By Alex Jones
FASCINATING photographs of a reclusive cannibalistic tribe that would use the decapitated heads of their enemies as pillows and allegedly committed the gruesome murder of the Rockefeller heir fifty years ago have emerged.
Intense photo portraits show the men, women and children of the Asmat people who live on the coast of New Guinea – including tribal elders sitting behind their sacred masks of wood; the hard stare of an older man sporting a feathered headdress; and a handsome teenager who seems far more at ease in the front of the camera.
Other striking shots include the tribe gathering for a community meeting in a rudimentary hut and a collection of the controversial tribe heading across the coastal waters of Papua, Indonesia on their own hand-hewn canoes.
But the stunning photographs, captured by photographer and explorer, Gianluca Chiodini (41) from Rome, Italy, only hint to the New Guinea tribe’s dark, violent history.
Apart from a reputation for sublime wood carving, the Asmat people have spent centuries hunting down their enemies and removing their heads, sometimes transforming their decapitated skulls into pillows and other times using them as macabre bowls to eat the flesh of their opposing tribes.
“I have always really wanted to go to Papua, in particular the Asmat area,” admitted Chiodini, who also works as a manager for an energy company.
“I discarded several expeditions to the area because they didn’t include Asmat and chose a tour based on the recommendation of a local expert.
“Asmat handicraft is legendary of course and a big reason for my visit.
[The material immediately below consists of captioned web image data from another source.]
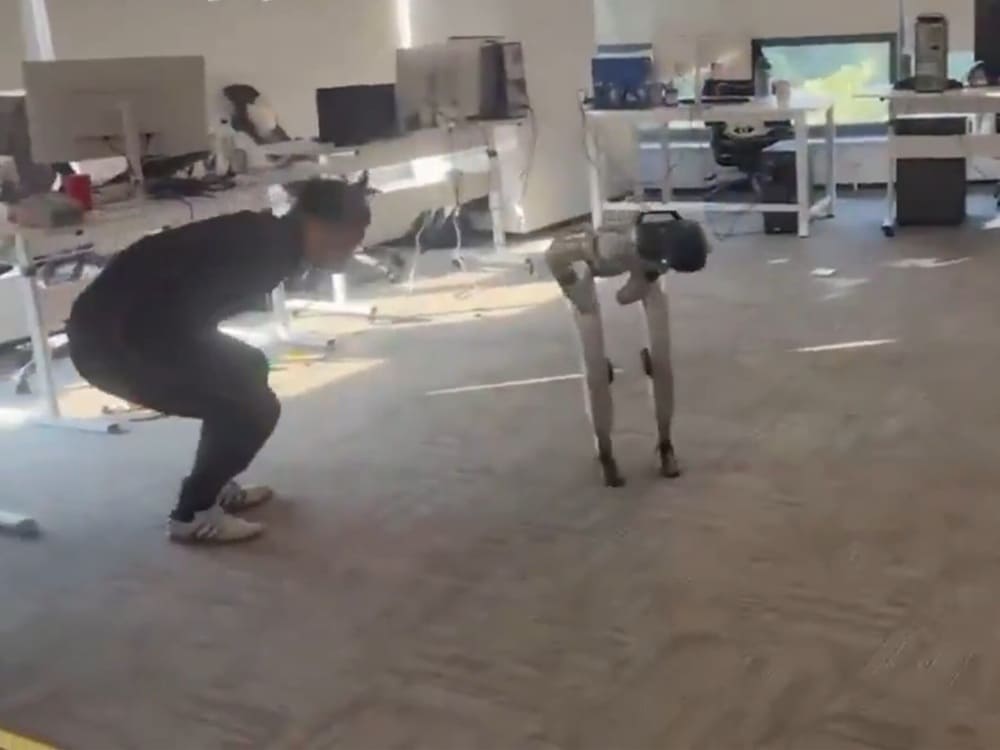 El robot humanoide Unitree G1 protagoniza un fallo viral durante una prueba de teleoperación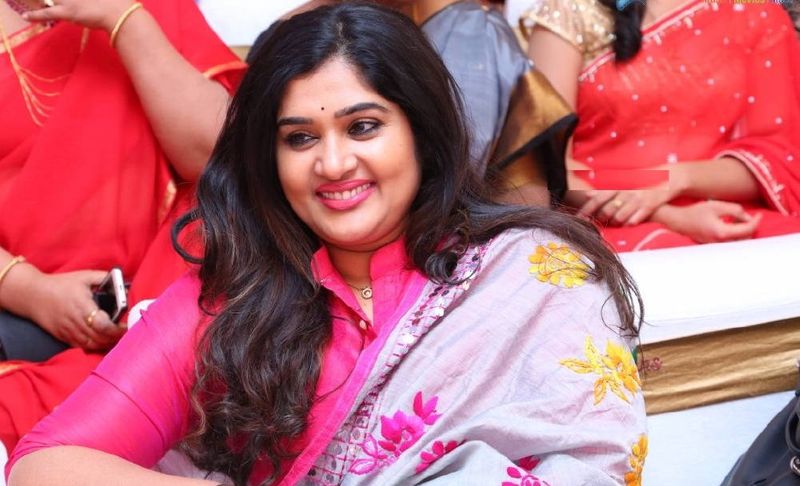 bigg boss season 5 fame priya shares private video getting viral in social media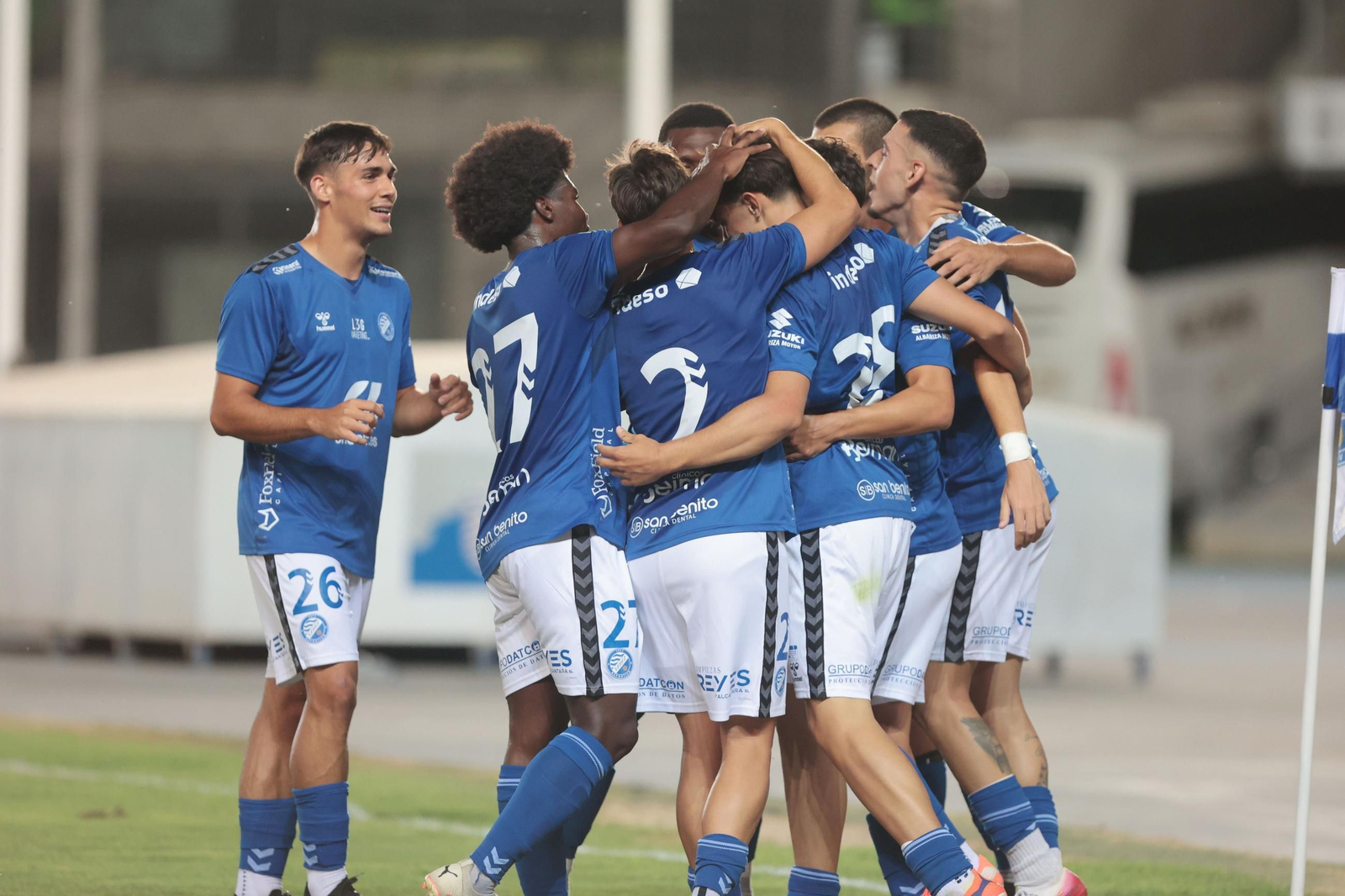 Imágenes del Trofeo Pepe Ravelo entre Xerez DFC contra Sevilla Atlético en Chapín
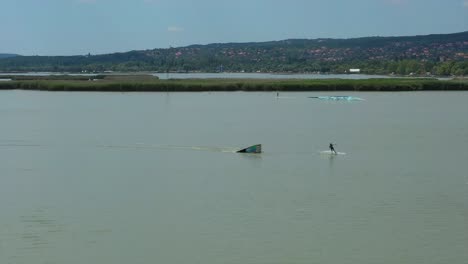 Wakeboarden-Auf-Dem-Velencei-See,-Ungarn-Aufgenommen-Mit-Einer-Dji-Mavic-2-Pro-Drohne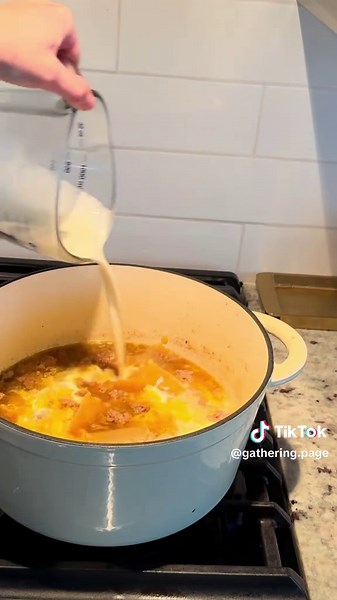 My viral white lasagna soup is the best fall meal! Easy to make, lots of flavor, & so cozy - happy (almost) soup season! Ingredients: -1 tbsp olive oil -3 cloves minced garlic -1/2 yellow onion, chopped fine -1 lb Italian sausage -5 cups vegetable broth -10 lasagna noodles, roughly broken into pieces (not cooked) -1 cup heavy cream -2 large handfuls of kale -1/2 cup shredded mozzarella cheese -1/2 cup grated parmesan cheese -1 cup ricotta cheese -fresh parsley for garnish Heat olive oil in a dut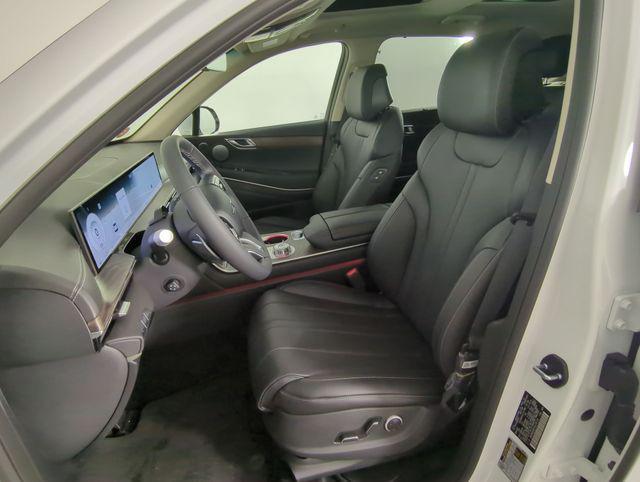 new 2025 Genesis GV80 car, priced at $65,068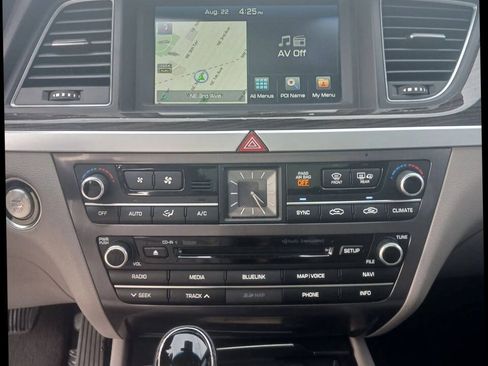Used 2015 Hyundai Genesis 3.8 w/ Option Group 03 RWD image 13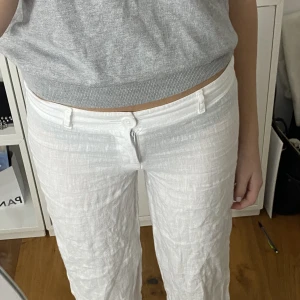 Linnebyxor - Svinsygga linnebyxor från Ginatricot Young (iza och elles kollektion) men som tyvärr är lite för korta på mig😍🔥🔥🔥dom är genomskinliga men så snygga så det är värt att ha på sig ändå🤪😍😍🔥🔥går ej att köpa längre!!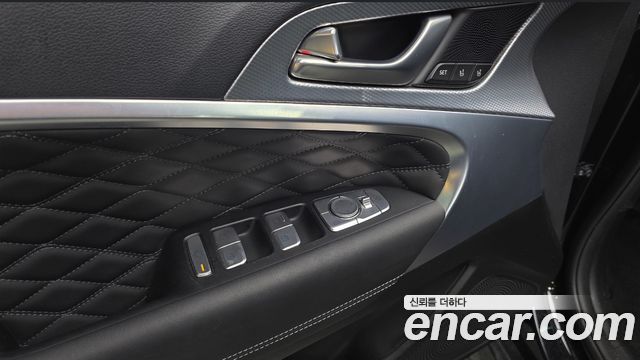 Genesis G70 2021 — photo 37
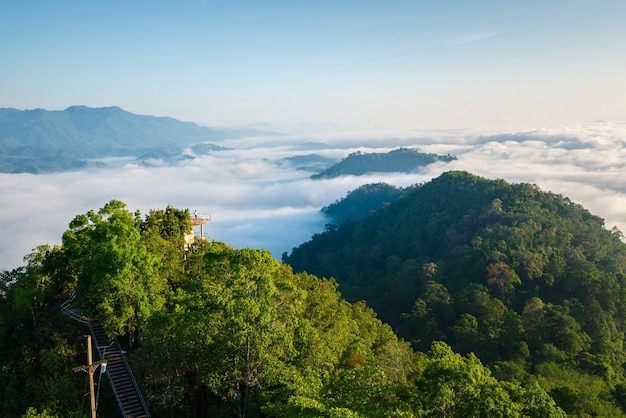 Imágenes de paisajes de atracciones en la provincia de Yala, sur de Tailandia. Toda la vía láctea. Hermosa niebla matutina, adecuada para viajar.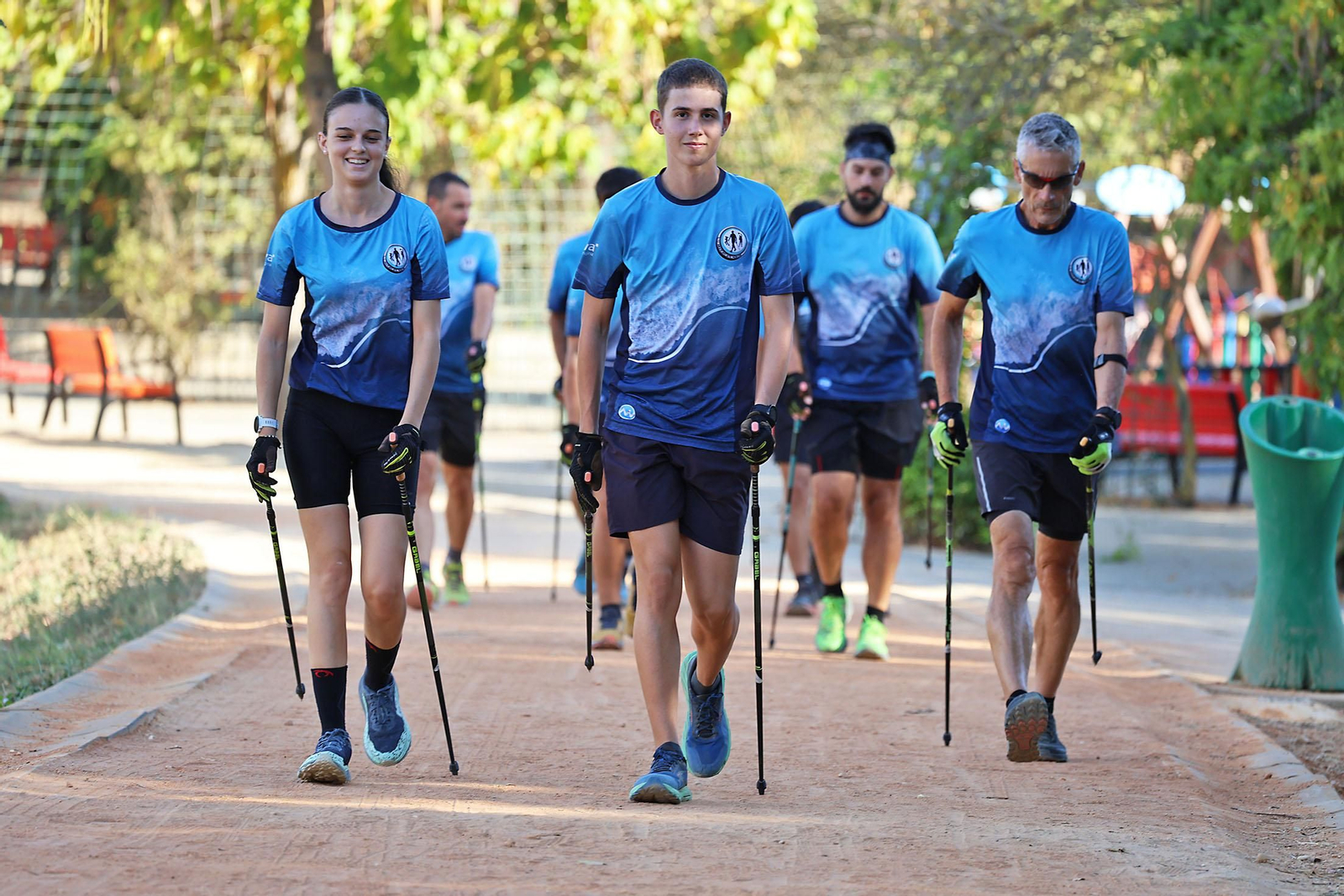 Imágenes de un entrenamiento de marcha nórdica del CD Multideportes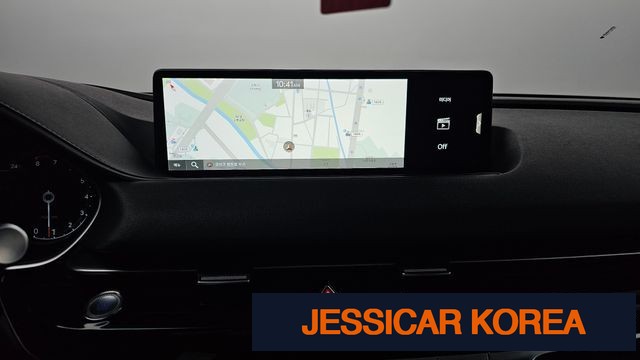 2021 Genesis G80 (RG3) - Thumbnail 14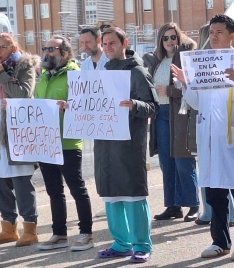 Imágenes de la protesta de batas blancas, hoy, en Soria. | I. López/ CESM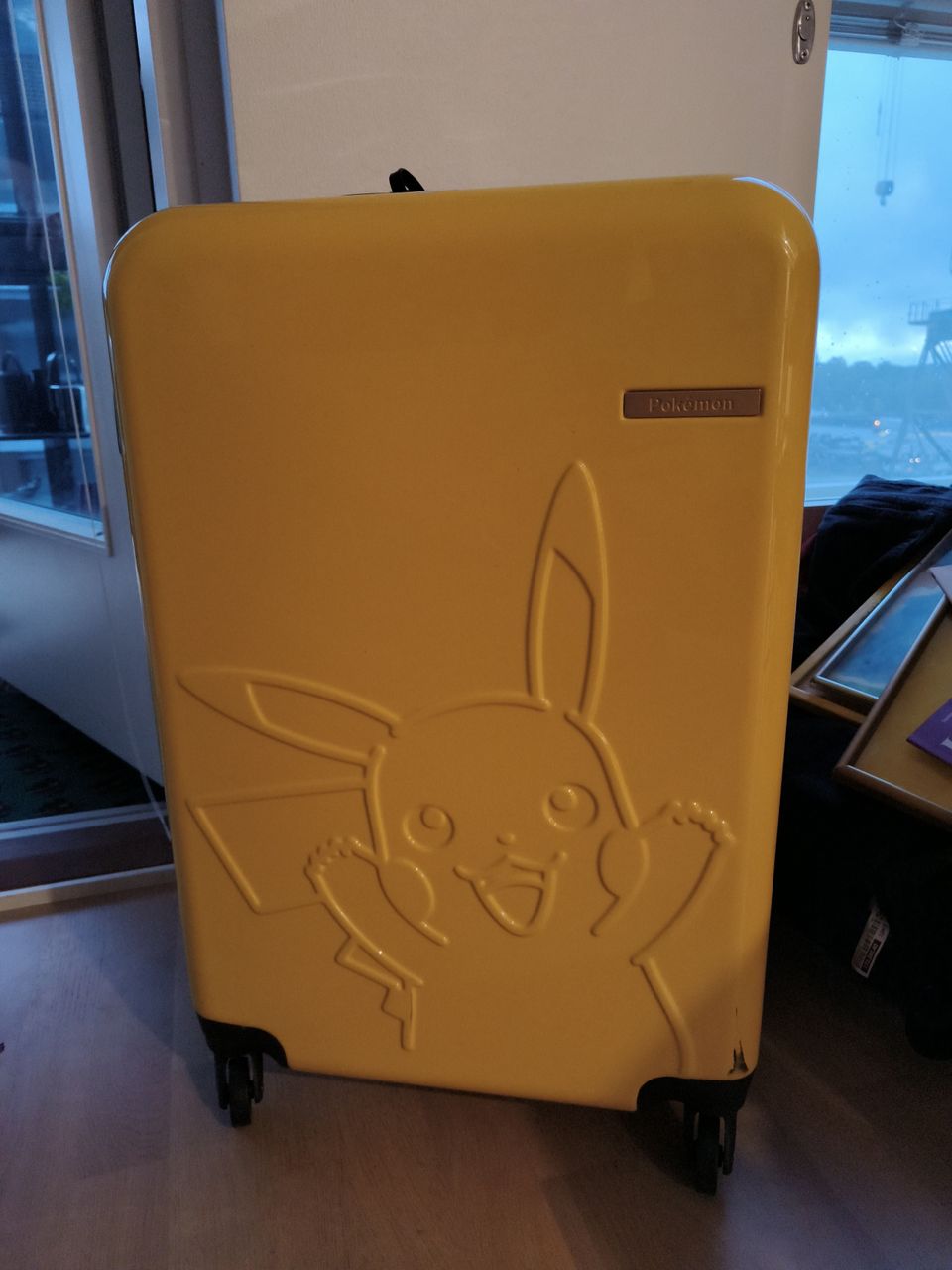 Virallinen Pokemon Pikachu matkalaukku (iso)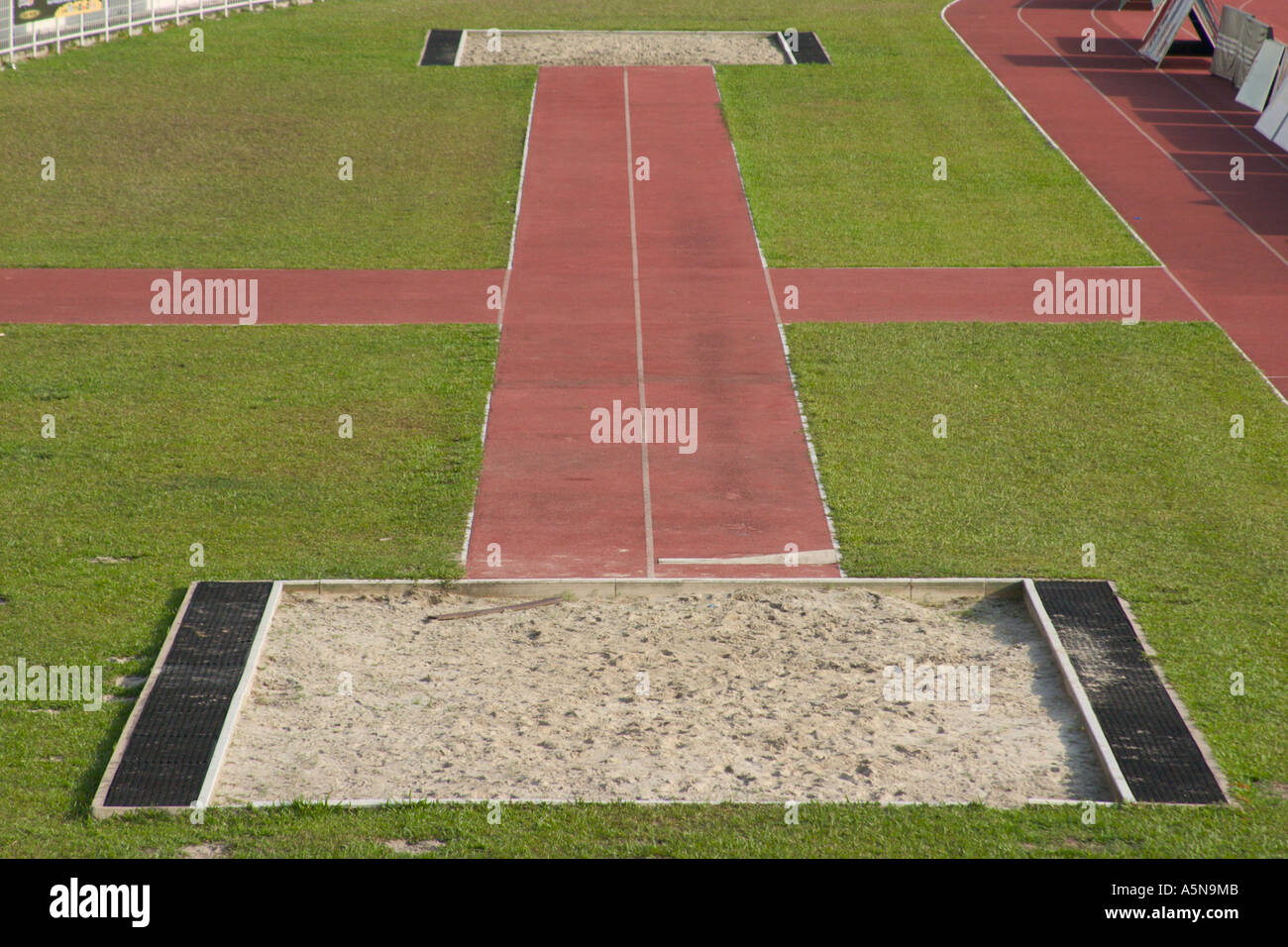 Jump Pit Fotos e Imágenes de stock Alamy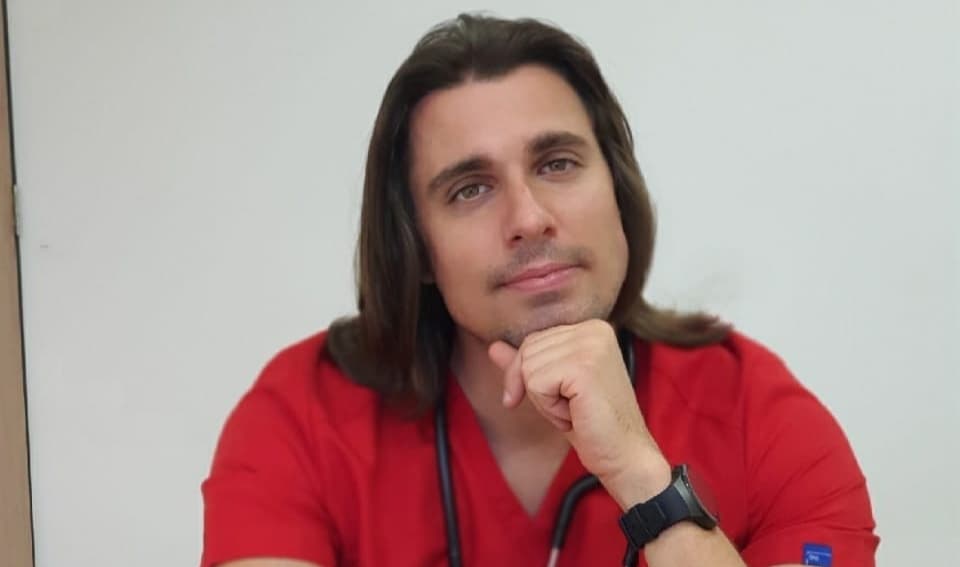 Doctor ofrece consultas en Holbox y se vuelve viral por 'guapo'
Another was the beautiful body and facial decorations on display but most of all I yearned to explore a tribe which is close to ‘world limits’.
“But you really need to want to go to Asmat, because it takes several days to get there, you need to sleep in tents in their longhouse, to navigate in narrow rivers and they are not that friendly.
“I knew the Rockefeller story before I got there, I was also a little bit scared because you cannot know what you will face when you arrive in the area.
“Officially headhunting ceased in nineties. What I can say is that Asmat are relatively isolated and their most important cultural traditions are still strong – you can feel it as you explore the area.”
Asmat did not only hunt for skulls, they also worshipped them. The skulls of the deceased were stripped of the brain and the eyes and nasal parts were closed up in order to prevent evil spirits to enter or exit the body. Skulls that were modified and decorated were displayed by the Asmat in an honourable place in their homes.
Although the practice is said to have waned since the 1990s, the Asmat people have long believed that when they killed a man and ate him, they take his power and become him. Every person was named after someone deceased, or after a killed enemy.
Without doubt their biggest alleged scalp was Michael C Rockefeller – the great-grandson of the Standard Oil founder John D. Rockefeller, once the richest man on Earth, and Nelson Rockefeller, who became Gerald Ford’s vice president.
Michael was exploring New Guinea in 1961 in search of treasures to bring home and put on display in his hometown of New York City. He visited Asmat – where he declared the region as, ‘wild and somehow more remote country than what I have ever seen before’ – where he had a pragmatic, if not overly friendly, relationship with the local tribes.
As his boat approached what is now Papua New Guineas on November 19, a sudden squall churned the water and capsized Rockefeller’s boat. Despite being 10 miles from dry land, he attempted to swim to shore.
In 2014, Carl Hoffman, a reporter for National Geographic, revealed in his book Savage Harvest, that he believed Rockefeller was murdered and eaten by the Asmat people. According to years of research, the Oil Standard heir had managed to make it back to the island but was confronted by a bank of Asmat tribespeople who were fishing the waters.
For Gianluca, the Rockefeller murder was no reason not to visit one of the most unspoilt areas on Earth. He remembers speaking to the tribal elders, old enough to have partaken in their tribe’s history of cannibalism and headhunting, and being distracted by the notion as he asked the ancient warriors to pose for a photo.
“Being able to capture people in their environment and show what life is like in these places is a big part of what I enjoy about travel photography,” he said.
“In other worlds, connecting with locals, even if sometimes just with non-verbal language. This is when I take my best shots.”